QuoteThe real question you should ask is whether its ok to deduct the I^2R term from the Pin, without first measuring the heat from first principle. It is a big assumption and a bit of gamble. Of course, I'm doing the same, following Steorn's method. So I'm also faced with this question. Steorn did the calorimetry but its a bit shady like all their stuff.

That would only be a problem where there's a possibility for parasitic capacitance to be present, that is, when coils are involved. @broli was emphasizing on that repeatedly and I agree with him (recall, however, that I did studies which proved that even such a conjecture isn't viable). However, if one makes sure that all the current passes through the active resistance calorimetry becomes unnecessary. If all the current passes through the dissipative resistance the dissipated power will inevitably be I^2R -- the first Joule's law is still valid. That's the beauty of the present contraption -- parasitic capacitance in this case is out of the question and therefore all of the current goes through R. OU calculated the way it's done here is guaranteed, at that by purely electrical measurements (let alone that with those low currents calorimetry would be way less accurate).

Omnibus

@teslaalset,

Quote from: teslaalset on June 28, 2010, 05:29:00 AM
@ Omnibus, Broli,
I followed this thread partly. A few thoughts that I have with this RC example:
- What exactly is the output terminal in this circuit?
- It might be good to do a simulation by performing an 'old school' calculation and compare them with the real measurement results, so we could have a discussion on why there are differences between them.
I could do the calculation, but need to know the output terminal in this circuit case.

It would be great if you could do a sim with MathCAD or Mathematica. Unfortunately, I have them in New York and, as you know now I'm in Massachusetts, and don't have them here. Plot the waves with the parameters from the screen shots and and do the algebra and the integration.

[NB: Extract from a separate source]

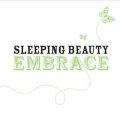 Sleeping Beauty: Embrace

It's very curious that the effect could have been predicted purely theoretically, based on the properties of capacitors and resistors (RC circuit so far is only discussed in terms of being of filter but the power balance in such circuit has never been studied). That's interesting beyond words.

broli

Here's a simple LC tank I talked about

Quote
$ 1 1.0800000000000002E-9 22.512744558455275 50 4.37 43
r 304 96 512 96 0 0.1
s 208 96 304 96 0 1 false
w 512 368 304 368 0
c 512 96 512 368 0 1.0E-9 -7.34294588127192
l 304 96 304 368 0 4.8E-5 -0.08282465215064858
v 208 368 208 96 0 0 40.0 5.0 0.0 0.0 0.5
r 304 368 208 368 0 45.0
w 576 96 512 96 0
w 512 368 576 368 0
r 576 96 576 240 0 100.0
c 576 240 576 368 0 6.0E-11 -7.806576575717537
o 6 64 0 33 7.136238463529799E-5 9.134385233318143E-5 0 -1
o 3 64 0 34 40.0 0.05 1 -1
o 3 64 0 33 20.0 0.2 2 -1
o 9 64 0 33 0.3125 0.05 3 -1
h 1 4 3

copy that code and go to http://www.falstad.com/circuit/... then go to "file->import" and paste it.

If you hover your mouse on the traces it should show over which component it's measuring. I fine tuned the components so it oscillates at around 700kHz. The main LC tank current starts at 104.5mA pk-pk, which depends on the initial charge of the inductor through the battery and resistor. The RC circuit passes 6.7mA pk-pk.

This circuit should be a good starting point for pro simulations.

@omnibus:

What happens to the negative slope if the resistance of R was reduced? I could have sworn I just read what you said about it but couldn't find it anymore.